Agreed. People have known for years that they should eat better, exercise, reduce their stress levels, etc. but do they, NO. People are slow to change and quick to revert back to old ways. Sure, things are changing a little, but it's going to take a lot of time and therefore there's still mnoney to be made IMO.

Anyone that sells bottled water - highway robbery, must be doing okay!


----------



## gibor365

Fast food is popular in NA because it's fast, cheap, convenient ... we don't have siesta here like in Spain  
btw, about "healthy" food.... take for example fruits and berries you can buy here... maybe they healthy...but i'm not sure what chemicals were used to grow them ... also, if you tried REAL fruits and berries , you will see that this is "2 big differences"


----------



## donald

10 yrs ago supersize me came out(where the guy was on his deathbed after eating mcd a mth striaght)a few yrs later mcd started one of there best runs(stock)
I don't completely buy this health craze(it's just seems that way because "were" likely beyond middle class (cmf)
I think the last quater is actually a positive for mcd because they will really be focusing now and if they get traction with this customized burger touch screen menu(was reading about this)I think it could propel them
On the social media front they really are rebranding there image
I wouldn't count them out long term over a few weak quarters
Just my opinion


----------



## fatcat

i'm not necessarily making the argument that mcdonalds food isn't healthy, i am saying that it doesn't taste as good ...
the burger has remained the same and tastes have evolved
look at all the places selling high-end $10-12 burgers

one of mcdonalds prime strengths is speed
they do speed better than anyone in the business
and it is difficult to reconcile a higher end, more customized burger with really fast service

they have a menu problem (among others)


----------



## Synergy

donald said:


> 10 yrs ago supersize me came out(where the guy was on his deathbed after eating mcd a mth striaght)

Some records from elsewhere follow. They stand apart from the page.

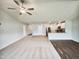Bright open-concept living area featuring a ceiling fan, open kitchen, and neutral tones at 631 Southwick Pl, Mebane, NC 27302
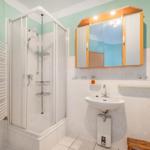Badezimmer mit Dusche, Waschbecken und Spiegelschrank.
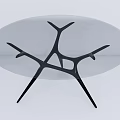 Modern Oval Coffee Table With Glass Top And Branch Like Black Copper Metal Base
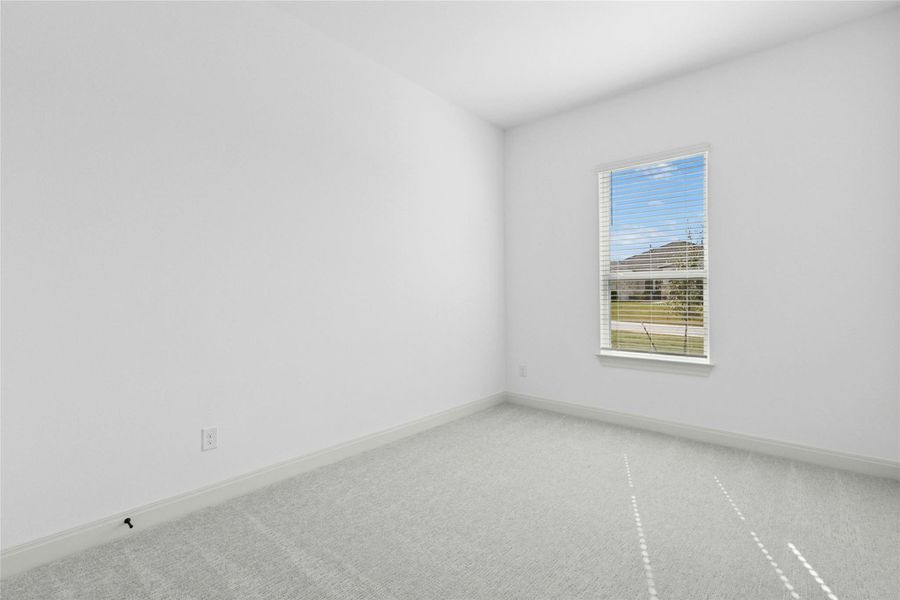 Spare room featuring carpet flooring and baseboards Spare room featuring carpet flooring and baseboards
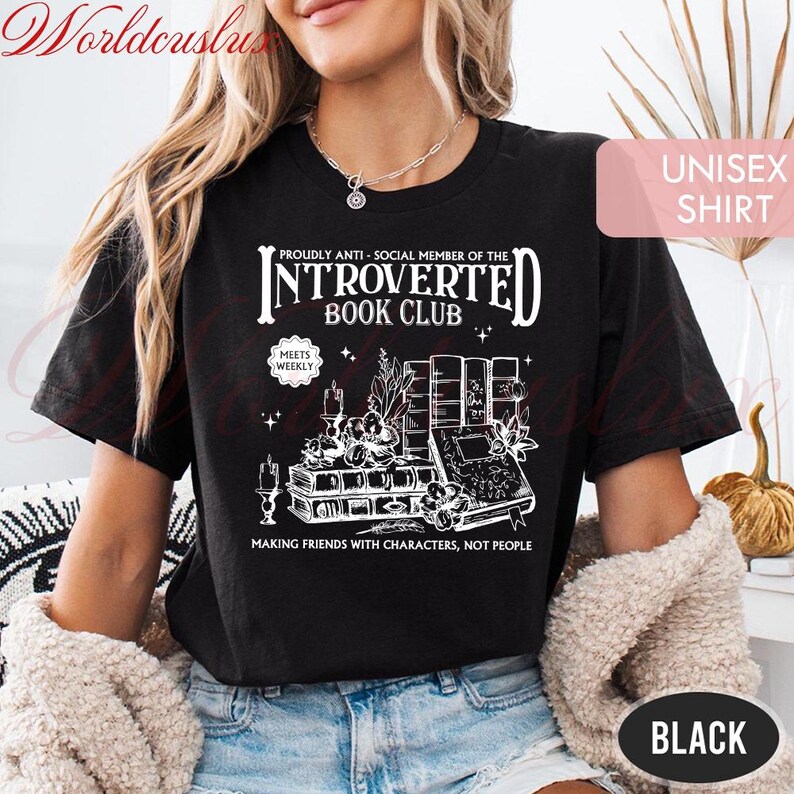 May include: Black unisex t-shirt with a white graphic design featuring the text "INTROVERTED BOOK CLUB" and illustrations of books, candles, and plants. The shirt also includes the phrase "MAKING FRIENDS WITH CHARACTERS, NOT PEOPLE."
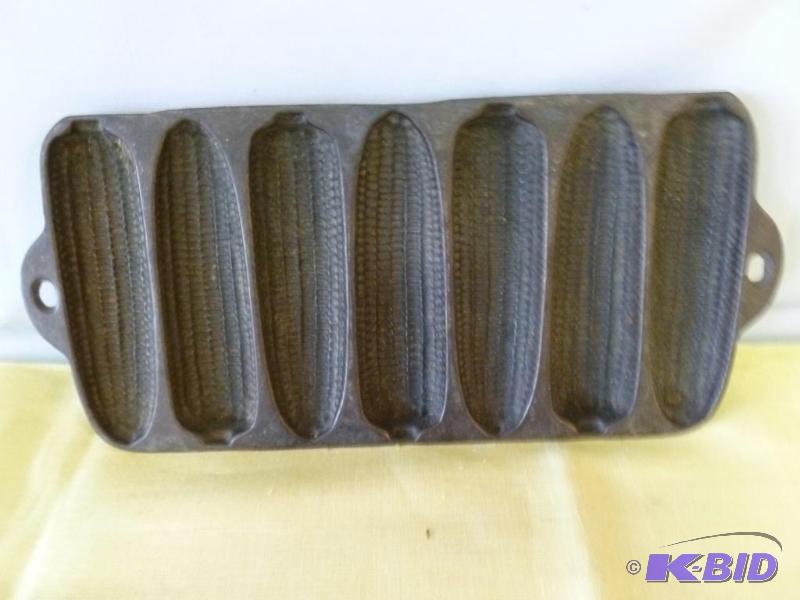 lot 210 image: Vintage cast iron corn bread pan that measure...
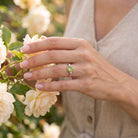 [KI] Silberring mit Peridot an der Hand zwischen Blumen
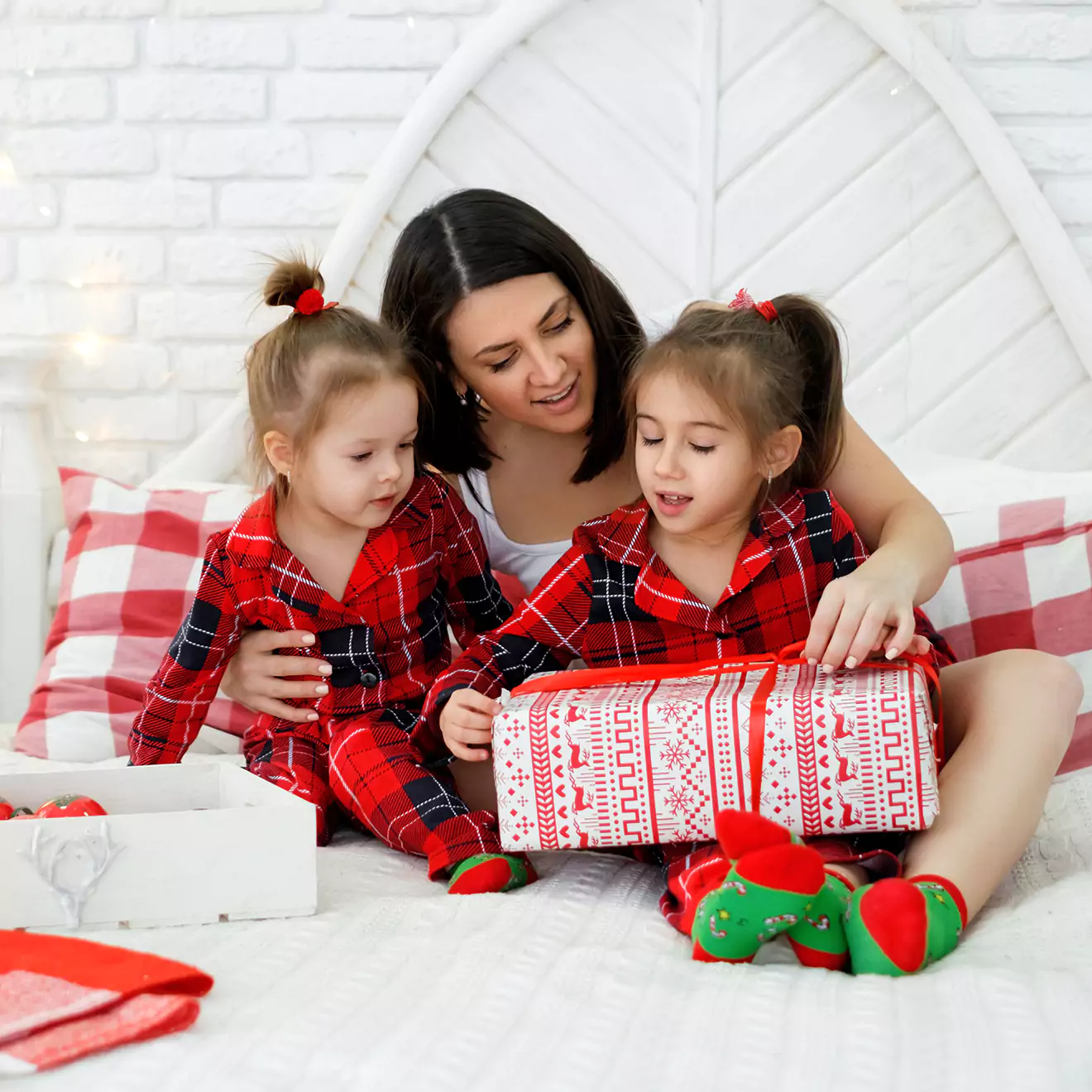 Image of a family opening presents while dressed in cozy Christmas pajamas, gathered around a festively decorated living room, capturing the warmth and excitement of holiday gift-giving.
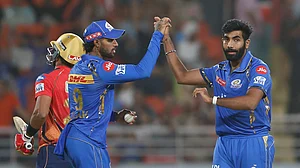 AP Photo/ Surjeet Yadav : Mumbai Indians' Jasprit Bumrah, right, and Mumbai Indians' Tilak Varma celebrate the dismissal of Punjab Kings' Shashank Singh during the Indian Premier League cricket match between Punjab Kings' and Mumbai Indians in Mullanpur.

He was on his death bed because he was consuming way too many calories - "gorged" daily on MCD. I'm not saying it's healthy long term (years), but if someone consumed MCD 3x/day for 1 month and didn't exceed their caloric threshold, then there would have been negligible negative health effects. Personally I'd never eat at MCD but the whole "supersize me" movie was blown out of proportion.


----------



## donald

True enough Synergy,my main point was i can't think of many companies that could withstand that kind of attack let alone thrive like they were after the movie released.
Was there ever a time people thought mcd was ever good?I was born in 79 and i remember really well how even when i was growing up mcd had a bad rep(it has had this unhealthy image for a long time,maybe even since the very beginning?)People are not just waking up to this.
I just can't see the most recognized brand in the world(the golden arches)getting phased out anytime soon(by the likes of a mexican fast food joint).
Your not going to get rich owning this stock but people don't invest in mcd for that anyways....i think long term it is still a bedrock in the fast casual sector(they have such a wide freaking moat)just a few bad quaters.


----------



## Synergy

donald said:


> True enough Synergy,my main point was i can't think of many companies that could withstand that kind of attack let alone thrive like they were after the movie released.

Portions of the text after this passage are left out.